Awanuiārangi celebrates international science accolade of distinguished professor
Te Whare Wānanga o Awanuiārangi Distinguished Professor Linda Tuhiwai Smith has been elected as a lifetime international member of the United States National Academy of Sciences.
The accolade recognises Distinguished Professor Smith’s transformative contributions to education and Indigenous Science methodologies.
In awarding her the membership, the United States National Academy of Sciences said she developed “foundational ways to decolonize [sic] the process of science by developing a more critical understanding of the underlying assumptions, motivations and values that inform research practices”.
Distinguished Professor Smith said she was shocked at first, then amazed.
“It was a genuine ‘wow’ moment to be recognised by scientists outside New Zealand and my fields of Indigenous Studies, Māori education, social sciences and Kaupapa Māori.”
The National Academy was established in 1863 through an Act of Congress, signed by President Abraham Lincoln. Since then, approximately 500 current and deceased members have won Nobel Prizes.
Distinguished Professor Smith was co-nominated by members of the Human Environmental Sciences Section and the Environmental Sciences and Ecology Section of the National Academies.
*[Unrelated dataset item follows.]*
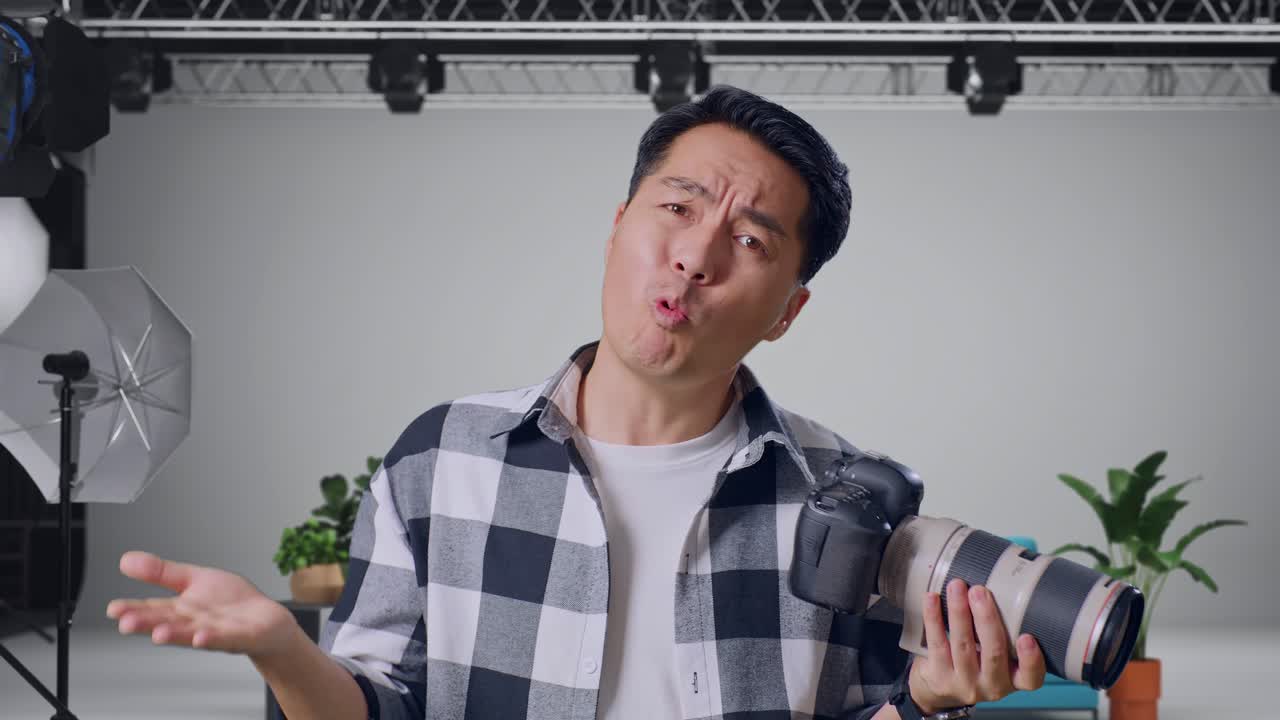 Man expressing confusion while holding a camera in a photography studio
Her nomination was then voted on by the 2000 members of the US National Academy.
Te Whare Wānanga o Awanuiārangi Chief Executive, Professor Wiremu Doherty, says the wānanga is immensely proud of Distinguished Professor Smith.
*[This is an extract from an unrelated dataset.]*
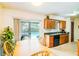 Eat-in kitchen with sliding doors offering pool views and ample counter space at 2729 Hilda Ct, Orlando, FL 32826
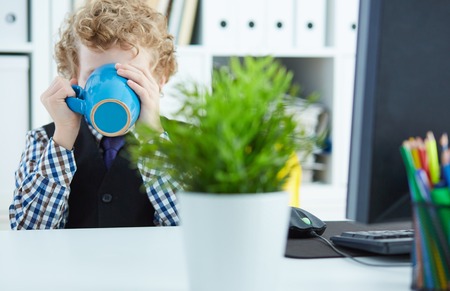 Young boy drinks from mug sitting at workplace in officeの写真素材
“Linda has shared her time and her knowledge so generously, and we are so grateful for her contributions both to our wānanga and the world.
“To see her recognised with this international accolade is amazing, but it is so well deserved, and we are so pleased.”
The Academy also praised Distinguished Professor Smith’s work for influencing “generations of scholars who now take an entirely different approach to working with Indigenous (and other) communities, deeply aware of their position as scientists in relation to the communities they work with”.
Distinguished Professor Smith looks forward to what lies ahead with the National Academy of Sciences.
“I think it’s huge for our Māori research community for decolonising research methodologies, Kaupapa Māori and mātauranga Māori.”